VIZ. ARTS
Weekly meditations from your humble messenger

Second Life
(Coraline, 2/16/09)
By Nicholas Nicastro

Once upon a time, movie animators didn't even need computers to do their work. Sound fantastic? Have a look at Coraline, the baroque, sometimes creepy, frequently spectacular fable made mostly with old-fashioned stop-motion animation.
      Stop-motion is the technique behind Gumby, Wallace and Gromit, and those Rudolf the Red-Nosed Reindeer Christmas specials (not to mention the Brothers Quay, Jan Svankmajer, and other masters of the form). Sure, computer-generated animation (CG) has come light-years in the last twenty years, and is suitable for telling just about any kind of story.
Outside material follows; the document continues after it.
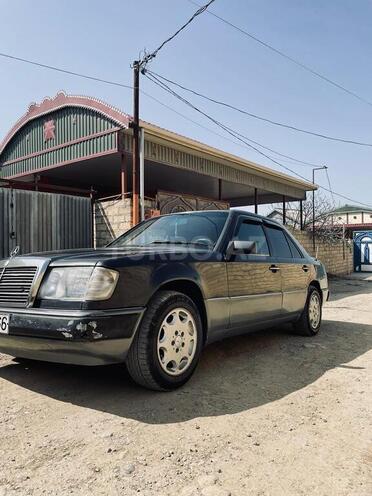 Mercedes E 250 1993, 350,000 km - 2.5 l - Bakı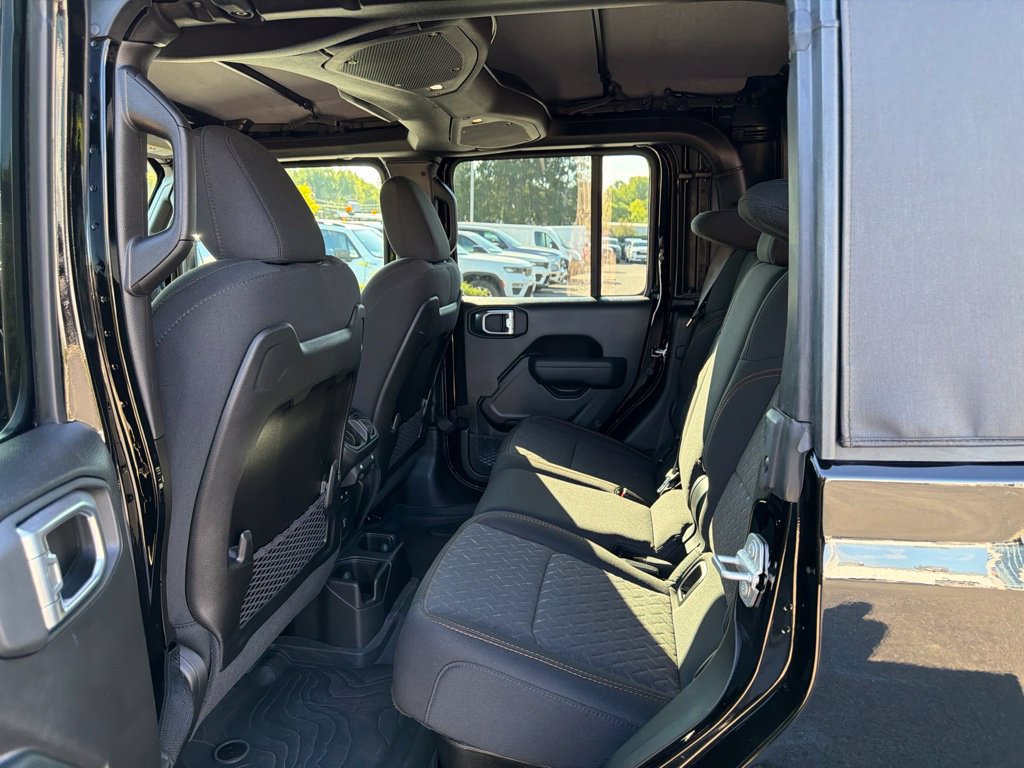 Used 2025 Jeep Gladiator Mojave w/ Convenience Group AWD/4WD image 19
But there's still something missing— something distractingly immaterial—about watching ones and zeroes, no matter how cleverly deployed. For those of us still living in the 3-D meat-iverse, animating something, whether a puppet or a piece of clay, has a deep-seated tactile advantage over CG. Am I comparing apples to oranges? Let's just say I prefer apples.
      Coraline is directed by Henry Selick, the director of The Nightmare Before Christmas and James and the Giant Peach. This says it all about the film's style, which features all the mordant creepiness of Tim Burton, but with none of Burton's self-congratulatory preciosity. The eponymous heroine (voiced by Dakota Fanning) is a precocious pre-teen who's forced to move to an isolated farmhouse by her clueless parents (Teri Hatcher and John "I'm a PC" Hodgman). Poking around, she discovers a hidden crawlspace that leads to an alternative universe where her parents are hip and attentive, all meals are scrumptious, and all toys are cooler than Nintendo DS. But staying with "Other Mother" forever has one big catch: like everyone else in that world, Coraline must choose to get her eyes replaced with big black buttons. Creepy, indeed.
      The film's visual style suggests a gently-laundered version of Edward Gorey, with occasion flights into the kind of colorized Victoriana (bugs, fairies, blossoms the size of soccer balls) that never seem to lose their appeal for little girls. But there's nothing girlie about the intensity of the imagery. This is especially true in the last forty minutes when, among other things, Other Father almost runs Coraline down with his giant mechanical praying mantis, and Other Mother abandons her fresh-from-the-salon disguise. With its intimations of menace beneath the surface of "normal" family life, and adult-on-child violence, Coraline's PG rating deserved to be taken seriously. The under-6 set is best sent to Hotel for Dogs instead; impressionable 45 year olds might also take heed.
      To be sure, considering that children are bombarded with promises—especially from toy companies—that their dreams can come true without costing anything, there's a worthwhile theme beneath the macabre exterior. The same warning might as well apply to adults who live significant portions of their lives in Second Life, World of Warcraft or—for that matter—consuming Hollywood fantasy.
      Full disclosure: Coraline is hardly an exemplar of analog-era purity in a world of digital imagery. There some CG here too. But it's used sparingly, to complement backgrounds, transitions, and other ways that complement the spectacle. Though the movie is about the dangers of making a fetish of fantasy, director Selick hasn't been seduced by his toys. For its discipline, its message, and its out-and-out baroqueness, Coraline is a crawlspace worth visiting.